Checking your system to see if IPsec got installed and started correctly

Version check and ipsec on-path                             [OK]

Checking for KLIPS support in kernel                        [OK]

Checking for RSA private key (/etc/ipsec/ipsec.secrets)     [OK]

Checking that pluto is running                              [OK]

DNS checks.

Looking for forward key for matrix                          /usr/lib/ipsec/verify: line 96: host: command not found

[FAILED]

Looking for KEY in reverse map: 127.215.226.217.in-addr.arpa/usr/lib/ipsec/verify: line 128: host: command not found

[FAILED]

Does the machine have at least one non-private address      [OK]

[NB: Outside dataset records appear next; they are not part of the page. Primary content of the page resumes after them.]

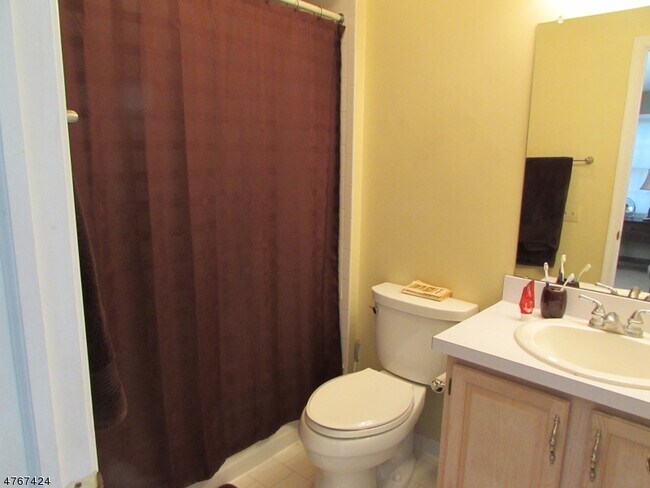 Building Photo - 8 Genoble Rd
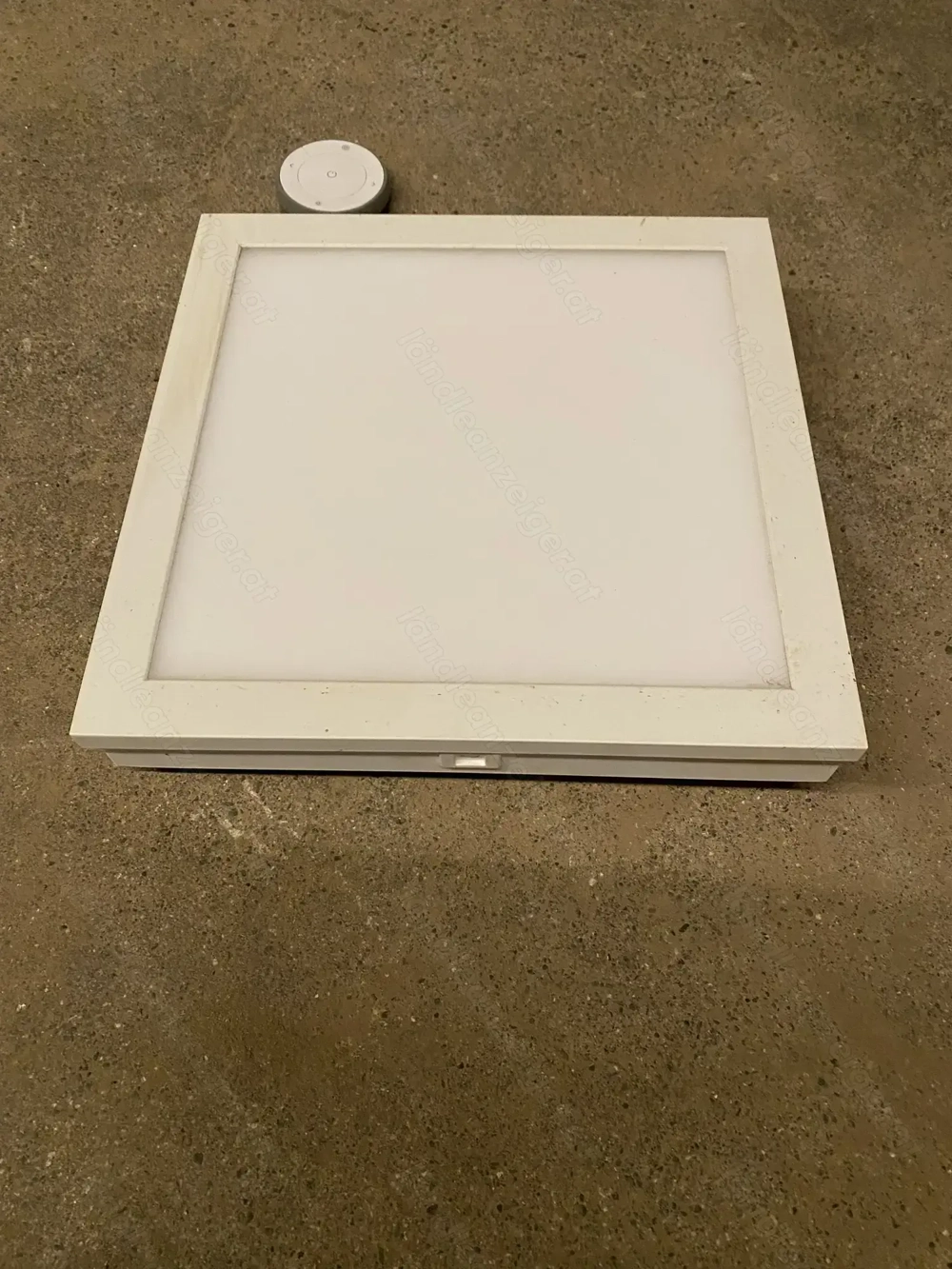 Deckenleuchte mit Dimmfunktion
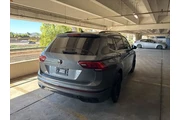 $21995 : Volkswagen Tiguan 2023 SE R- thumbnail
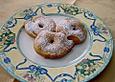 Apfel in Bierteig mit Zimtso&szlig;e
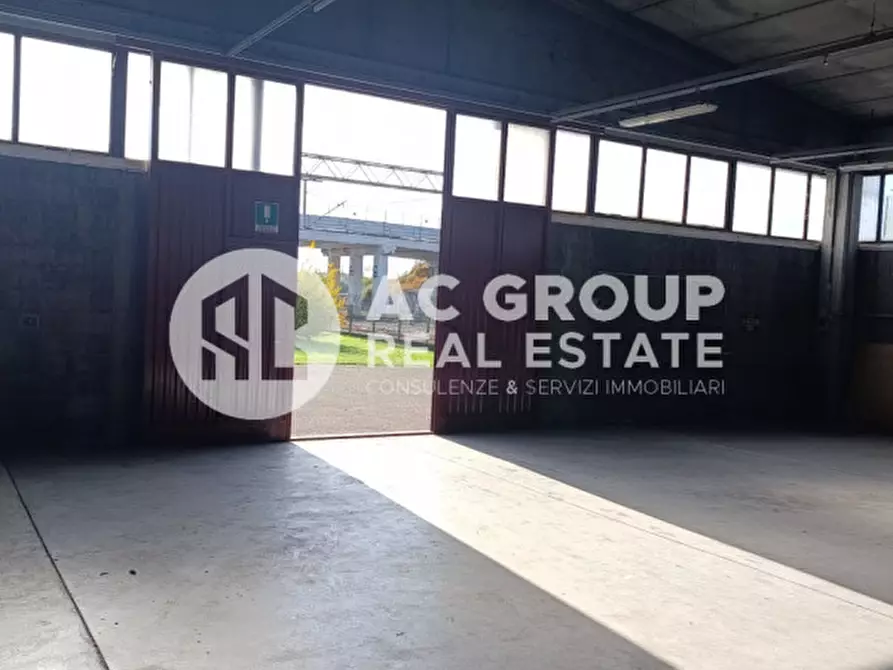 Immagine 3 di Capannone industriale in vendita  in Via Piave a Saronno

Und wo trage ich den Benutzer ein der sich einwählen darf??

----------

## Bender007

ich bin am verzweifeln ich bekomme diese DNS meldung nicht weg !!!

Hat das was mit dem Key zu tun?? 

So wie ich das jetzt verstanden habe muss ich in die ipsec.conf auch noch einen key eintragen ... aber welchen und wo??

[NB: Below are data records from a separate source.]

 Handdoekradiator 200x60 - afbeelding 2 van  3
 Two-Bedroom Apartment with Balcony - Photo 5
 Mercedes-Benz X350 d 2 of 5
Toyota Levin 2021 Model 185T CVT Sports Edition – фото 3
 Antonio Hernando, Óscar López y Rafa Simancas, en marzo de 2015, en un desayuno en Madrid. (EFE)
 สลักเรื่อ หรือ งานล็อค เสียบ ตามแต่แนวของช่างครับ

Hier nochmal die Fehlermeldung:

ipsec verify 

Checking your system to see if IPsec got installed and started correctly 

Version check and ipsec on-path [OK] 

Checking for KLIPS support in kernel [OK] 

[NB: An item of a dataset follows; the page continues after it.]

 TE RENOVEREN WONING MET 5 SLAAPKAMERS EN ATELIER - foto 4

Checking for RSA private key (/etc/ipsec/ipsec.secrets) [OK] 

Checking that pluto is running [OK] 

DNS checks. 

Looking for forward key for matrix /usr/lib/ipsec/verify: line 96: host: command not found 

[FAILED] 

Looking for KEY in reverse map: 127.215.226.217.in-addr.arpa/usr/lib/ipsec/verify: line 128: host: command not found 

[FAILED] 

Does the machine have at least one non-private address [OK]

----------

## Beforegod

Sieht fast so aus als würde Dir die Bind-Tools fehlen.

Installiere diese mal nach

emerge bind-tools (oder bind-utils)..

/bin mir nicht 100% sicher)

----------

## Bender007

cool hat geklappt danke beforegod nur eine Fehlermeldung gibt er noch aus:

matrix root # ipsec verify

Checking your system to see if IPsec got installed and started correctly

Version check and ipsec on-path                             [OK]

Checking for KLIPS support in kernel                        [OK]

Checking for RSA private key (/etc/ipsec/ipsec.secrets)     [OK]

Checking that pluto is running                              [OK]

DNS checks.

Looking for forward key for matrix                          [OK]

Looking for KEY in reverse map: 127.215.226.217.in-addr.arpa[FAILED]

Does the machine have at least one non-private address      [OK]

Das kann daran liegen das ich doch noch einen key in die ipsec.conf eintragen muss oder ?? ich steig durch diesen key krams langsam net mehr durch wenn jemand die ipsec.conf zur hand hat wäre das supercool.. Oder kann mir einer sagen was ich da für einen key eintragen muss ?

Was mir aufgefallen ist das die adresse oben wo er den fehler meldet das ist meine ip adresse aber falsch rum...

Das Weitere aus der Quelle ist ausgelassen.